Looking Down the Ashokan Rail Trail

Bike handlebars are in the foreground and the rest of the scene is a long trail with skinny green trees on either side.

The ladyfriend is on a three week tour of the UK by herself, and before she left I asked her to put the ol’ bike rack on the car hitch so I could spend my three weeks driving my bike around to different rail trails to experience the true and, for me, rare glory of riding a bike without even thinking about cars. I thought I’d mostly ride around the airport or on the trail near my brother’s house in Riverdale, MD, but then friends were unexpectedly in the Middle Hudson Valley. I checked the rail trail app, popped my bike on the car, reserved a glamping cabin, and headed north.

And oh, it was the very best decision. I have had a glorious summer with more vacationing than I have ever experienced in my life. But it has also been a challenging summer. My ladyfriend and I both took epic trips, but not together. We spent a week together in Florida, but it’s just different with family. (I love you, Family! But you know what I mean.) I did not spend nearly as much time alone as I’m used to spending in the summer. It has been wonderful, but yeah.

This was a quick trip for me and my bike, visiting a very, very old friend and her people who I also love so much. We went swimming in chilly swimming holes. M. grilled salmon and vegetables, and I appreciated especially their penchant for a variety of dips. Good stuff. We saw performance art, big outdoor sculptures, huge installations inside an old factory. A fabulous time.

And I got to ride my bike. I snapped this picture shortly after turning around to go the other way on the Ashokan Rail Trail. I love a rail trail. I love how flat they are. I love it when they are asphalt. I love the regular appearance of toilets and water fountains. On this Saturday the trail was packed with walkers with dogs, babies, and each other, and cyclists, some in their lycra, some in People Clothes, me in my Kate uniform of skirt, tshirt, and sneakers. I rode 19 miles that day, lots of smiles and waves, feeling free as I mindlessly spun on my pedals and took in the views. Perfect.

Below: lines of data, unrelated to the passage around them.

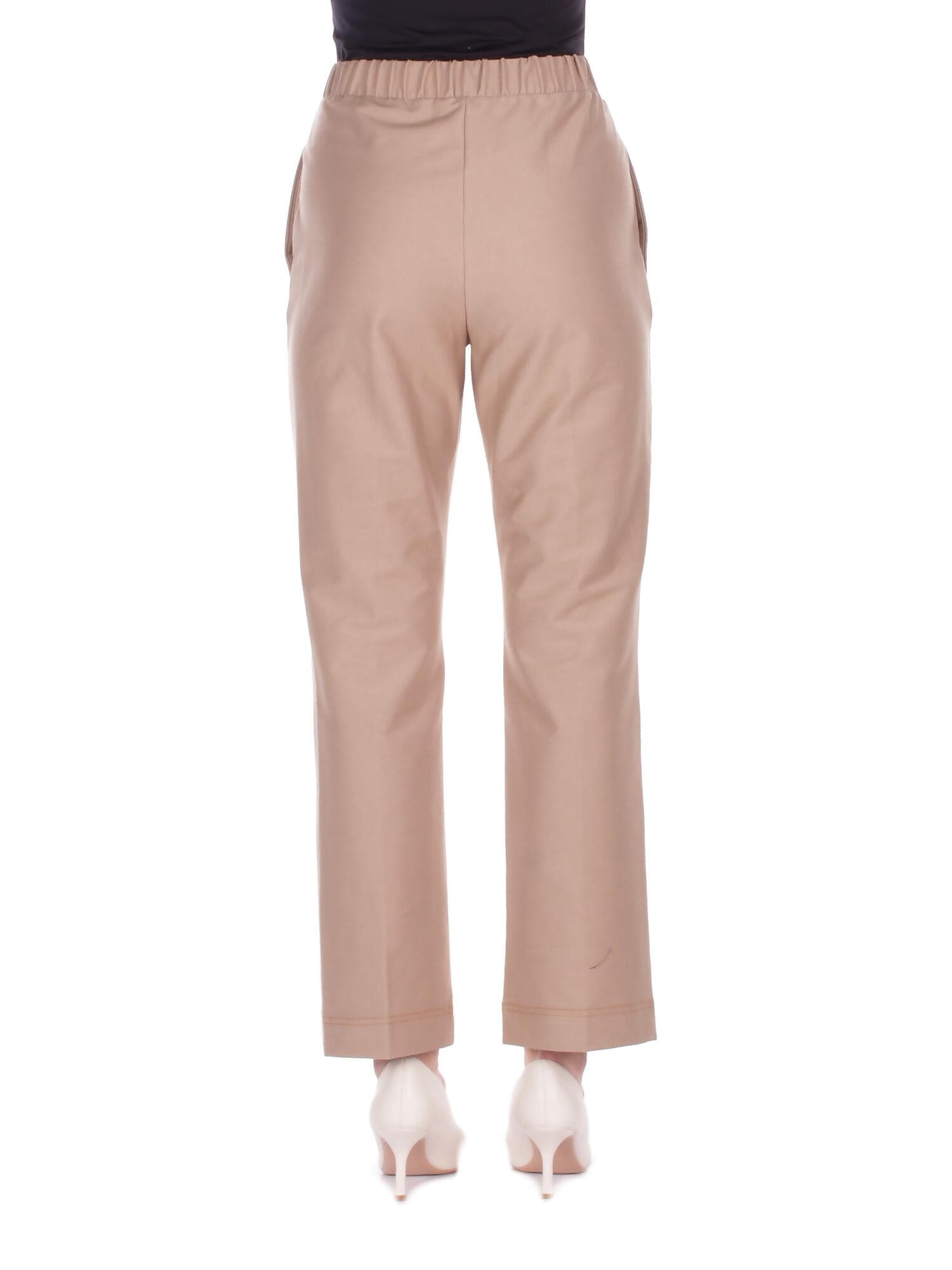 MM MAX MARA  Pantaloni Beige - 4
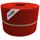 zaunzu® Sichtschutzstreifen 50 x 19 cm Rot Metall 1 St.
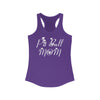 Pit Bull Mom Women's Racerback Tank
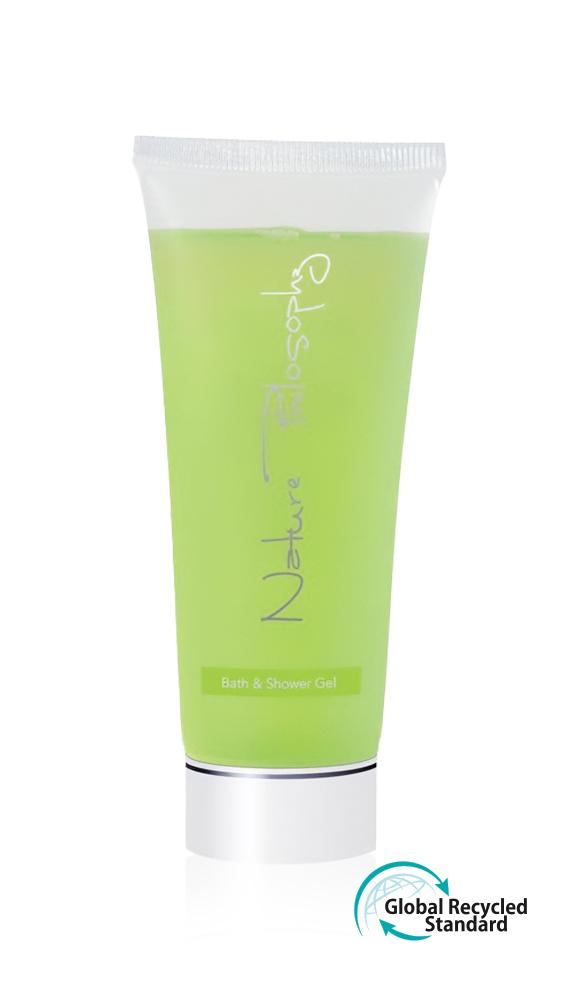 Sprchový a koupelový gel v tubě, 40 ml, Nature Philosophy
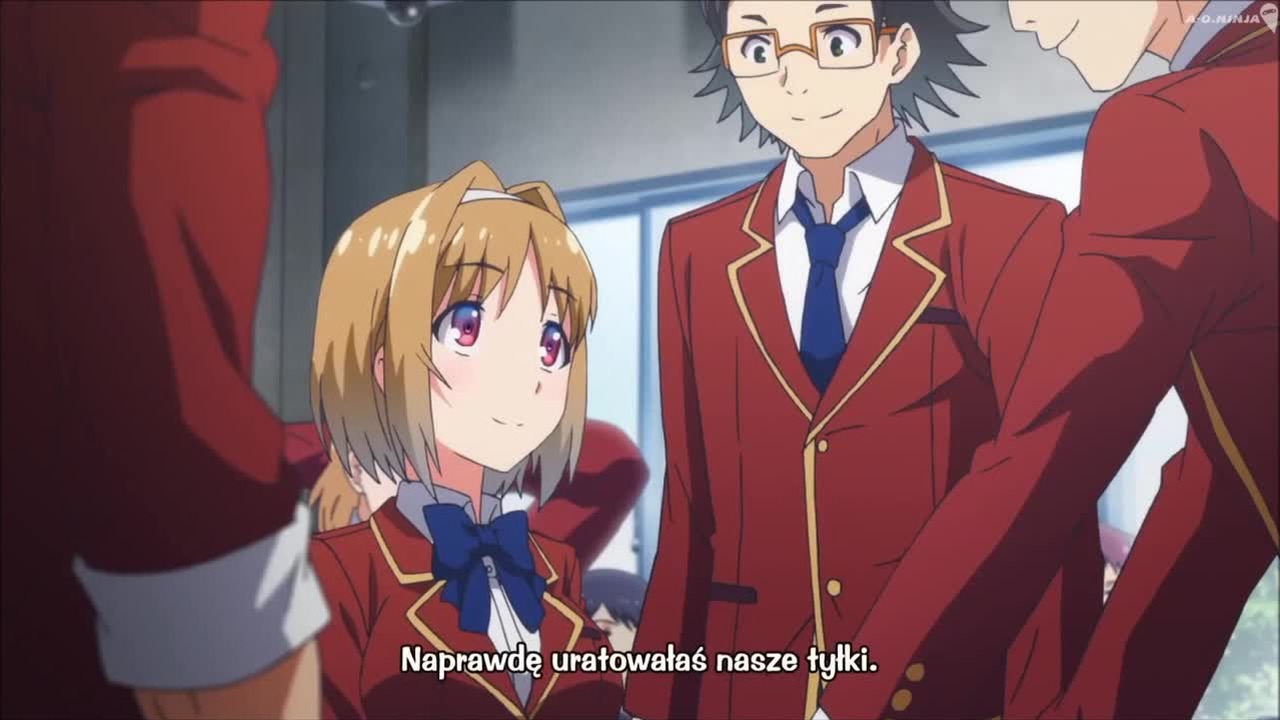 Classroom Of The Elite Ep 3 Vostfr Classroom of the Elite 03 - CDA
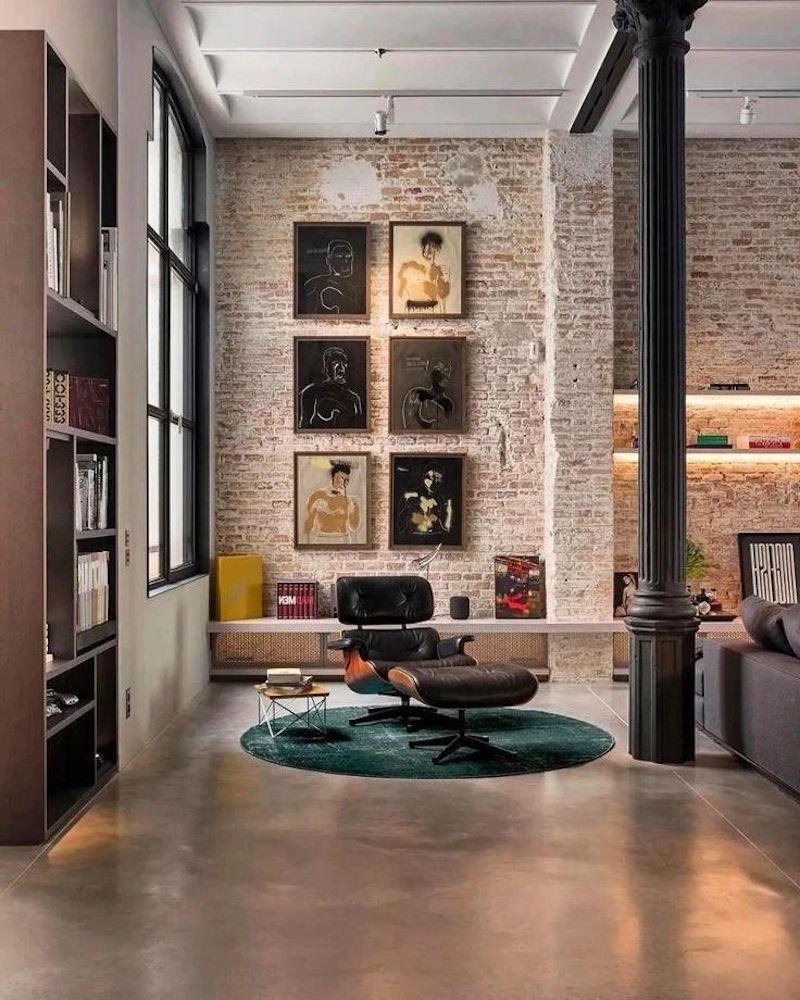 Stunning Luxury Industrial Home Decor Inspiration image
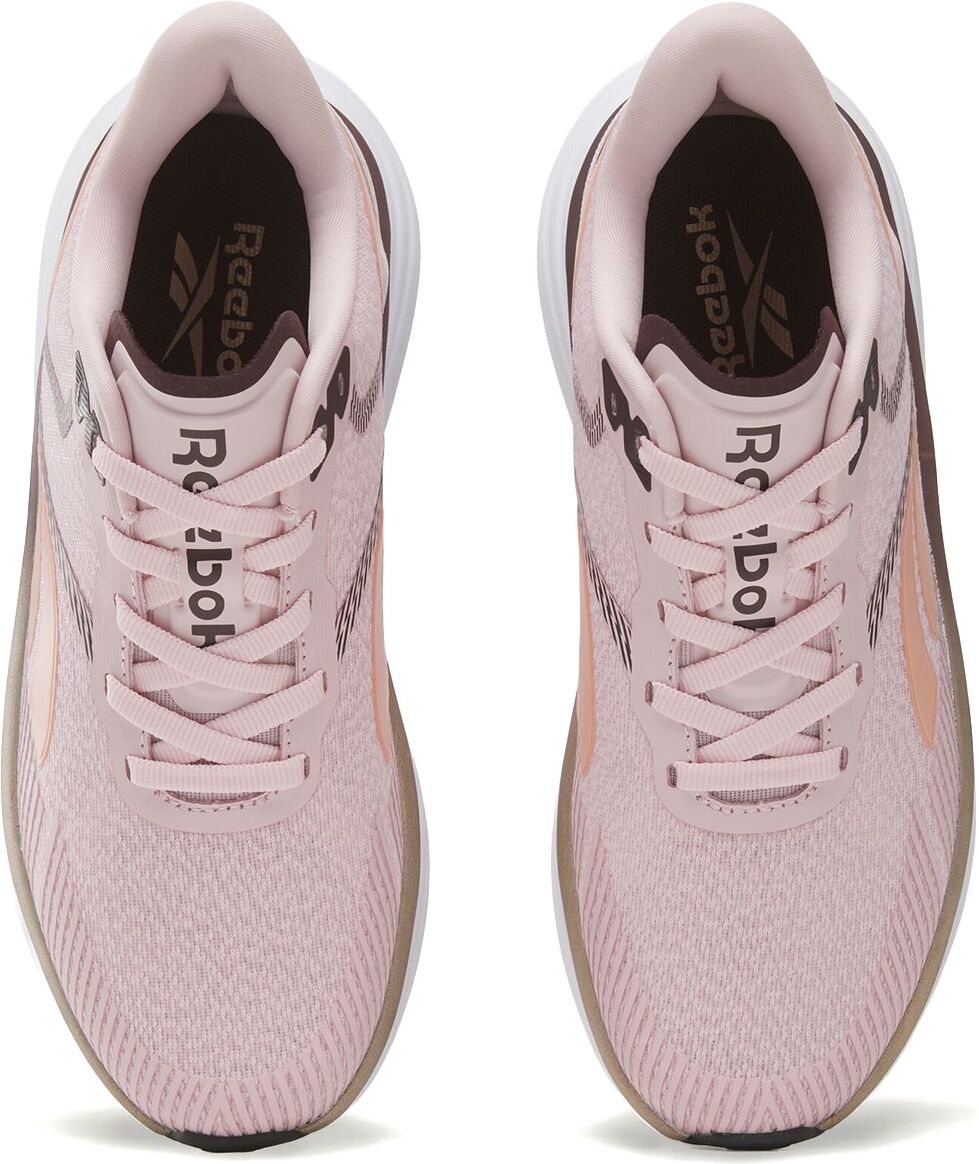 Laufschuh REEBOK "REEBOK VIVA SPEED", Damen, Gr. 37, rosa (elemental pink, schwarz cocoa, rose gold), Synthetik, Textil, Schuhe Laufschuh elemental pink, schwarz cocoa, rose gold 37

I headed back to Baltimore on Monday. I wanted to get in another rail trail, but rain was in the forecast, and wow did I not bring the right clothing for that. I looked at the forecast again, thought hey, so what if it rains? It’s fine.

The first 15 miles out and back on the Dutchess rail trail were glorious, and then it started to drizzle. Whatever, drizzle is fine. And then the next 12 miles were in a downpour as I learned the lesson about bringing rain gear for at least the 97th time. By the time I got back to the car I was soaking wet, my shoes squelching with every step, water dripping off my helmet. And I felt so, so good. I rode 27 miles, my longest ride in awhile. I rode over the Hudson River. I saw a chipmunk chasing a squirrel. I said so many hellos. I felt so much like myself, fully in my body, making the same weather mistakes I always make because I somehow seem to think I can dodge the rain if I ignore the chances.

I wished I could call my dad, tell him about it, hear his hearty laugh at me. He would have enjoyed this story, would have wanted to hear every single detail of the trip. I miss him.

I tossed my bike on the car and hopped in and headed home, so grateful for my bike, old friends, and Outside. I was still wet when I got there five hours later, and it was worth every second.